La Fédération Espagnole de Football convoque en urgence une assemblée générale extraordinaire pour examiner l’affaire du baiser forcé du président Luis Rubiales envers la joueuse Jennifer Hermoso lors de la finale de la Coupe du Monde Féminine. La polémique grandit alors que des personnalités politiques et sportives appellent à des mesures et que Rubiales s’accroche à son poste.
La Fédération Espagnole de Football (RFEF) se retrouve en pleine tourmente suite à un événement survenu en marge de la finale de la Coupe du Monde Féminine. Le geste du président Luis Rubiales, qui a embrassé de force la joueuse Jennifer Hermoso lors de la cérémonie de remise du trophée, a déclenché un scandale et des réactions en chaîne. Dans le sillage de cette controverse, la RFEF a annoncé la convocation d’une assemblée générale extraordinaire, programmée pour le 25 août, afin d’examiner en profondeur l’incident et ses conséquences.
La situation se tend pour Luis Rubiales, alors que des personnalités politiques et sportives expriment leur mécontentement face à son comportement. Le Premier ministre espagnol, Pedro Sánchez, a qualifié le geste de « inacceptable », critiquant également les excuses jugées « insuffisantes » et « inappropriées » du président de la fédération. Les appels à la démission de Rubiales sont de plus en plus audibles, certains ministres gouvernementaux allant jusqu’à demander publiquement son départ.

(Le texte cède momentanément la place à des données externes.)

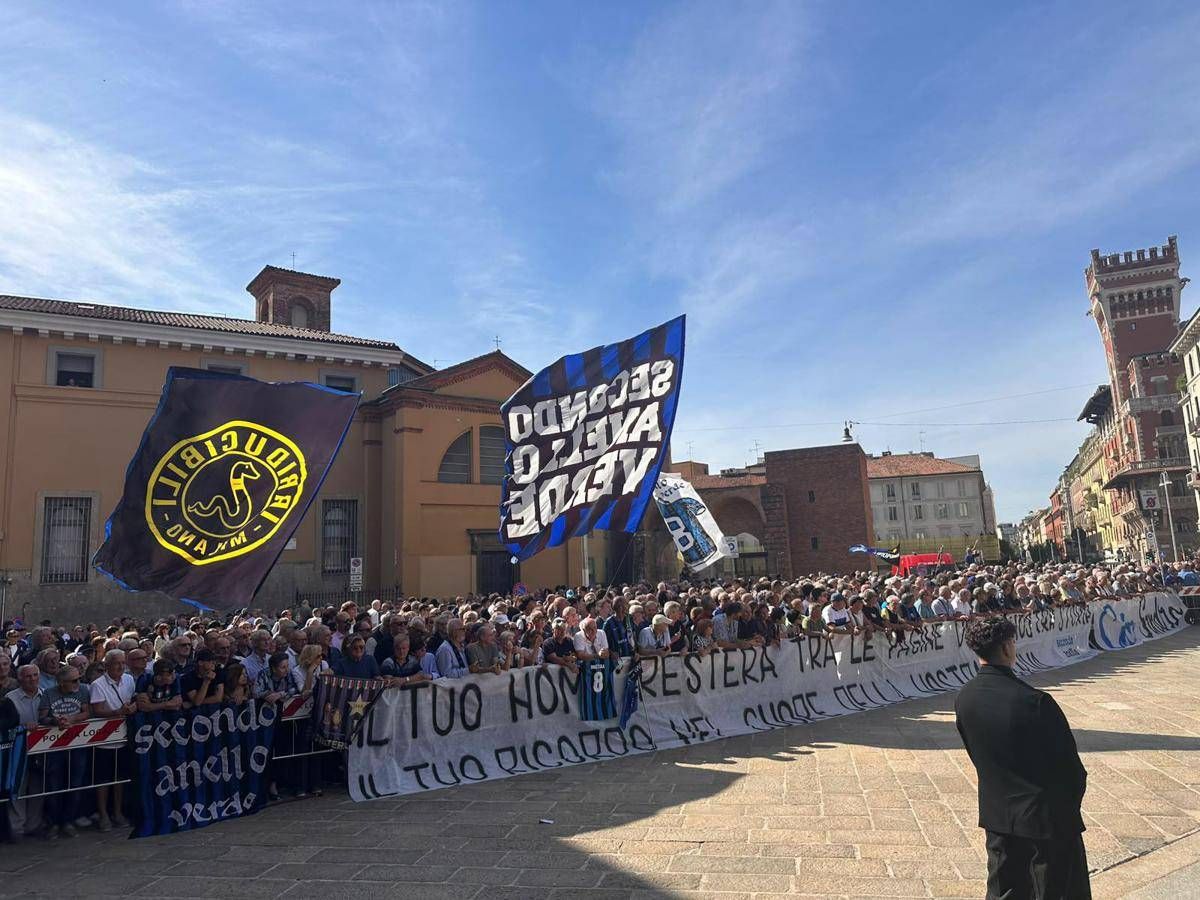Funerali Mazzola a Milano: arrivati calciatori, dirigenti e tifosi per l'ultimo saluto alla leggenda dell'Inter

La réaction ne s’est pas limitée au monde politique, puisque l’Association des Footballeurs Espagnols (AFE) a également exprimé son mécontentement. L’AFE, regroupant joueurs et joueuses, a exigé des « mesures nécessaires » face à « la gravité » de l’incident. Selon le protocole d’action du Conseil Supérieur des Sports en matière de violence sexuelle, le baiser forcé est considéré comme une « conduite inacceptable entraînant des conséquences immédiates ».
Le président Rubiales fait face à des pressions croissantes, mais il n’entend pas se retirer de son poste pour le moment. Cependant, le gouvernement espagnol a déjà pris des mesures, comme la saisie du Conseil Supérieur des Sports pour « infraction grave ». Par ailleurs, le fait que Rubiales ait convoqué lui-même l’assemblée générale extraordinaire suscite des interrogations quant à son issue. Cette réunion permettra à Rubiales de se défendre, mais aussi de solliciter le soutien des dirigeants des fédérations régionales. Une chose est certaine : cette affaire, qui mêle sport, politique et valeurs sociétales, est loin d’être close et continue de faire des vagues dans le monde du football espagnol.